Below code is implementation of running some code for every user in a list. The code is just comparing each user and concatenating their attributes :
case class UserObj(id: String, nCoordinate : String)
val userList = List(UserObj("a1" , "1234"),UserObj("a2" , "1234"), UserObj("a3" , "1234"))
val map1 = new java.util.concurrent.ConcurrentHashMap[String, Double]
userList.par.map(xUser => {
userList.par.map(yUser => {
if (!xUser.id.isEmpty() && !yUser.id.isEmpty()) {
println("Total is "+xUser.id+yUser.id+","+xUser.nCoordinate+yUser.nCoordinate)
map1.put(xUser.id + "," + yUser.id , getJaccardDistance(xUser.nCoordinate, yUser.nCoordinate))
}
})
println("")
}) //> Total is a1a1,12341234
//| Total is a3a1,12341234
//| Total is a2a1,12341234
//| Total is a3a2,12341234
//| Total is a1a2,12341234
//| Total is a3a3,12341234
//| Total is a2a2,12341234
//|
//| Total is a1a3,12341234
//| Total is a2a3,12341234
//|
//|
//| res0: scala.collection.parallel.immutable.ParSeq[Unit] = ParVector((), (), (
//| ))
def getJaccardDistance(str1: String, str2: String) = {
val zipped = str1.zip(str2)
val numberOfEqualSequences = zipped.count(_ == ('1', '1')) * 2
val p = zipped.count(_ == ('1', '1')).toFloat * 2
val q = zipped.count(_ == ('1', '0')).toFloat * 2
val r = zipped.count(_ == ('0', '1')).toFloat * 2
val s = zipped.count(_ == ('0', '0')).toFloat * 2
(q + r) / (p + q + r)
}
This was previously an imperative solution :
for (xUser <- userList) {
for (yUser <- userList) {
if (!xUser.id.isEmpty() && !yUser.id.isEmpty()) {
println("Total is "+xUser.id+yUser.id+","+xUser.nCoordinate+yUser.nCoordinate)
}
}
println("")
}
But I want to make use of Scala's parallel collections and I think using map the recommended method of achieving this.

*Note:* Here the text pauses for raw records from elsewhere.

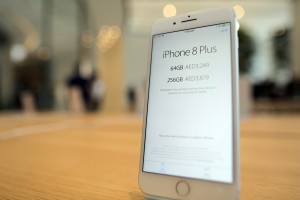 Τεράστιες ουρές αναμονής για το νέο iPhone X παρά την τσουχτερή τιμή του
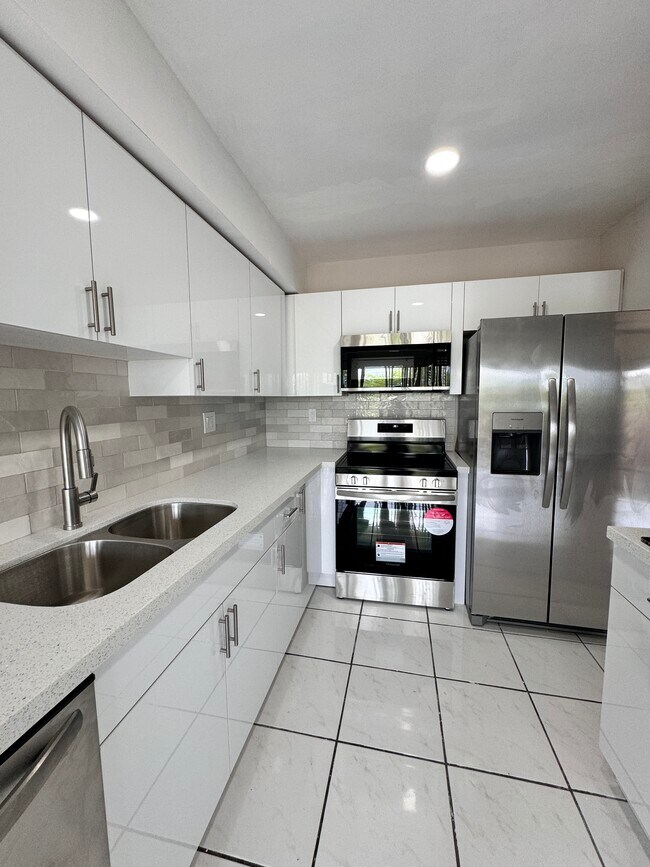 Newly updated Kitchen - 5900 SW 127th Ave Condo Unit 3410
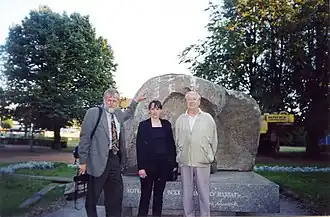 After the installation: Yuly Rybakov, Irina Flige, Yevgeny Ukhnalyov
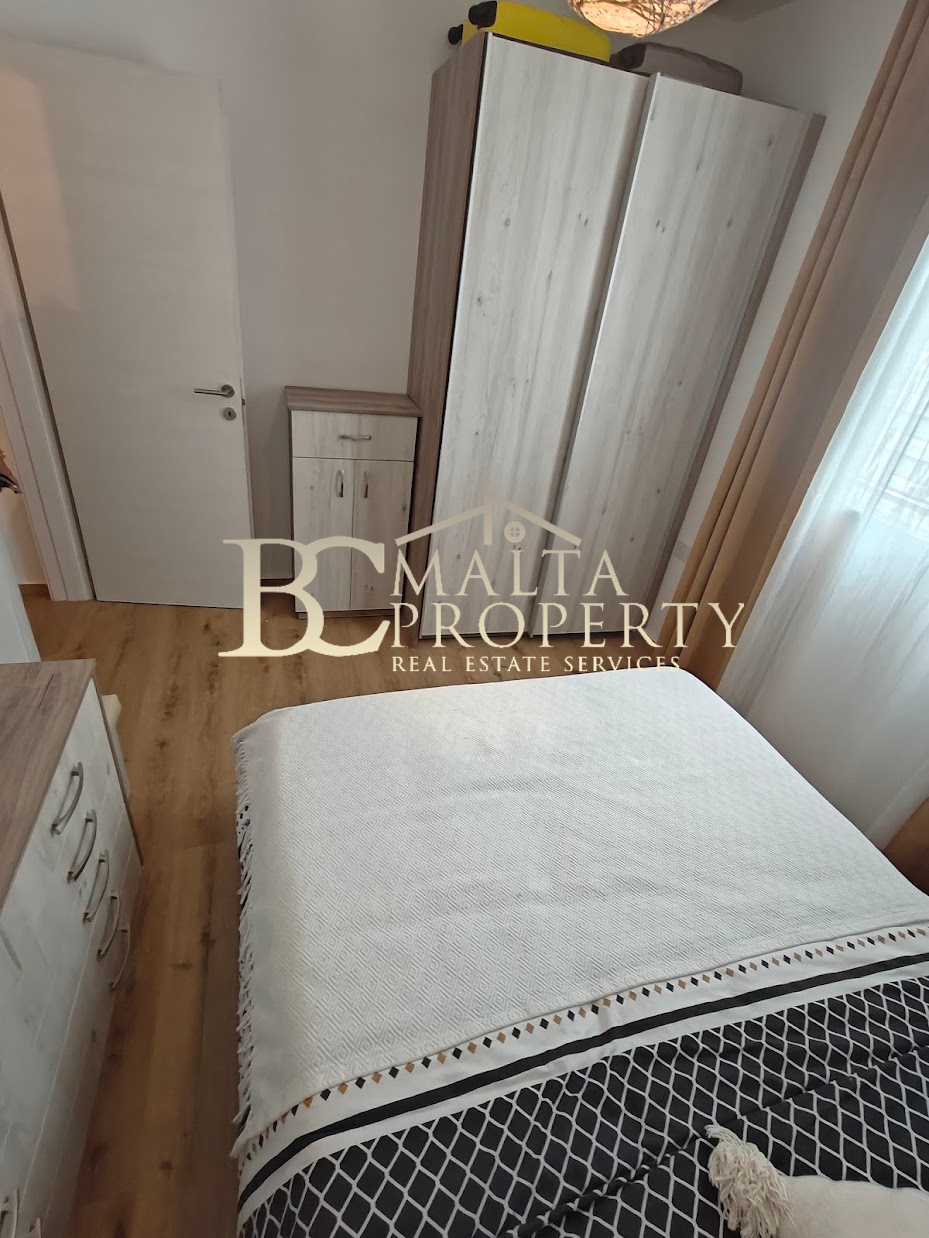 Qormi very nice area first time on the market 3 bedroom / 2bathroom Apartment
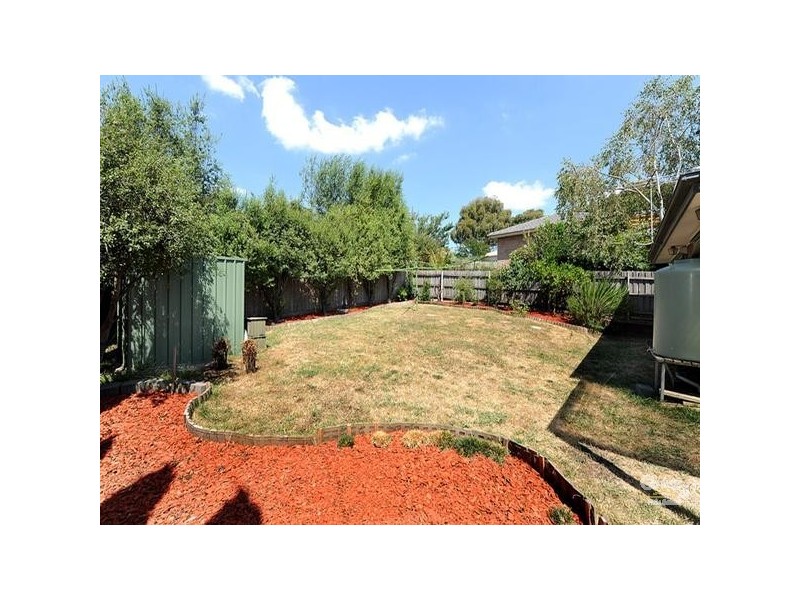 2 Adelong Court, Berwick VIC 3806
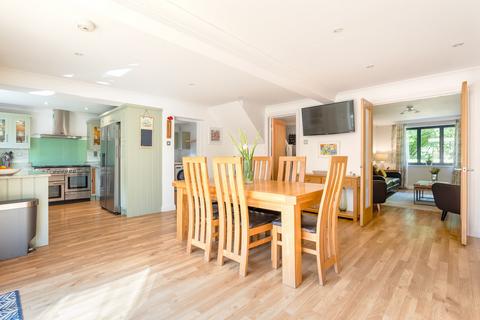 undefined, Oak Tree Way, Horsham, RH13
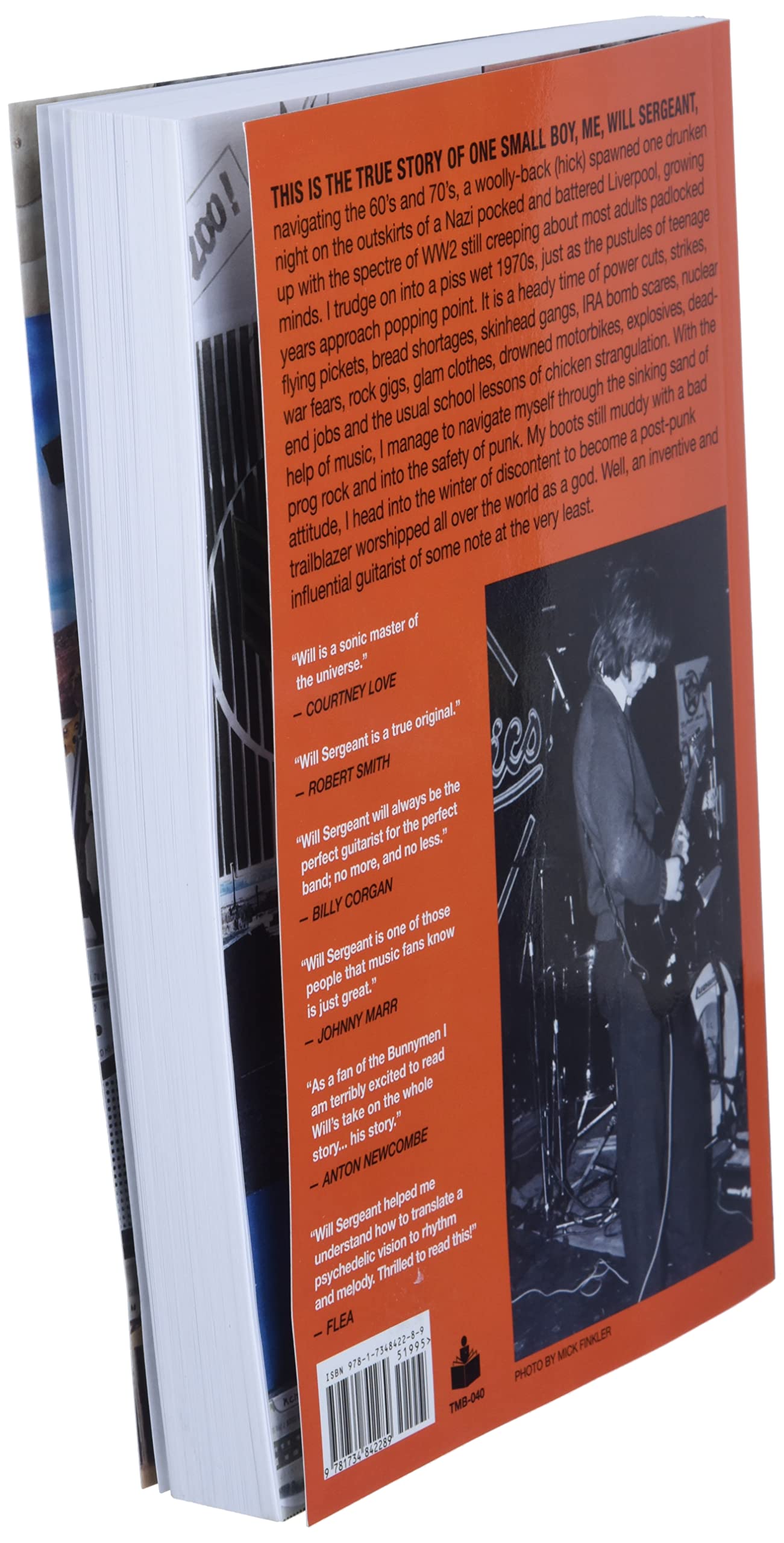 Bunnyman Post War Kid To Post Punk Guitarist Of Echo And The Bunnymen Sergeant Will Bickerdike Jennifer Otter Books Amazon Ca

As imperative code above could result in multiple threads running same code. Note : the above code being executed : println("Total is "+xUser.id+yUser.id+","+xUser.nCoordinate+yUser.nCoordinate)
is just a simpler version of the algorithm being actually run.
The functional solution posted at beginning of question behaves as expected but once the list contains more thatn 3000 elements it almost crawls to a halt. Why is this occurring ? Is my implementation correct ?